Since the trustee had been discharged, the Bank was no longer stayed in the enforcement of its judgment.

Justice Elson went on to say that even if the trustee had not been discharged, he would have allowed the renewal of the judgment in any event. He stated:

I am compelled to add, perhaps in obiter, that I would have granted the renewal, even if the trustee had not been discharged. In my view, and construing s. 69.3(1) purposively, the stay of proceedings does not apply to steps a judgment creditor takes to [preserve]{.underline} a position it already enjoys. As much as s. 7.1 of The Limitations Act and Rule 10–12 contemplate active steps by commencing a proceeding on the judgment, the reality is that these are steps to preserve a judgment. They are neither new proceedings nor are they steps to execute on the judgment. To conclude otherwise would be to force a judgment creditor to stand aside while its judgment expires through circumstances that may well be beyond its control.

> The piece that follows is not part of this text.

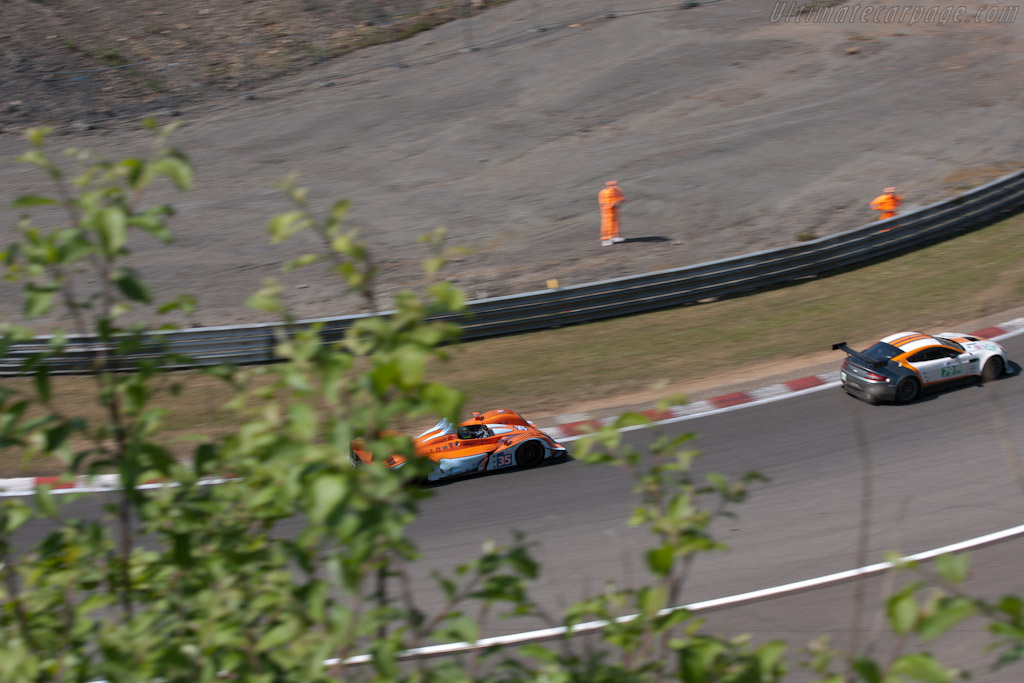 LMP2 vs GTE Pro - Chassis: 01-06  - 2011 Le Mans Series Spa 1000 km (ILMC)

While the comment may be obiter, the reasoning within the context of the case, is not open to challenge.

Lessons Learned

These decisions are of importance to both creditors and debtors.

Creditors should give consideration to whether a judgment that may have been obtained (or might be obtained) in respect of the bankrupt is one that could survive bankruptcy. If so, the creditor must be sure to renew the judgment to preserve the rights under the judgment even after the bankrupt has obtained his or her discharge.

Even if the judgment is not one that would survive bankruptcy, creditors should not be complacent during the course of a bankruptcy and thereby allow a judgment to expire due to effluxion of time. In doing so, there could be a loss of rights as against the bankrupt should the bankrupt not obtain his or her discharge and the trustee is discharged.

For debtors, prior to and after bankruptcy, they need to be alive to the risk that a judgment that will survive bankruptcy might be obtained. Consulting with an insolvency lawyer may assist in identifying this potential risk.

Once bankrupt, the debtor needs to be aware that the stay against creditors that is achieved by the bankruptcy will be lost if the trustee is discharged before the bankrupt is discharged. Should that occur, creditors will be able to renew their efforts to recover their debts. Seeking discharge from bankruptcy in a timely manner, and if conditions to the discharge are set, satisfying those conditions for discharge in a timely manner, will eliminate the risk of the trustee being discharge before the bankrupt.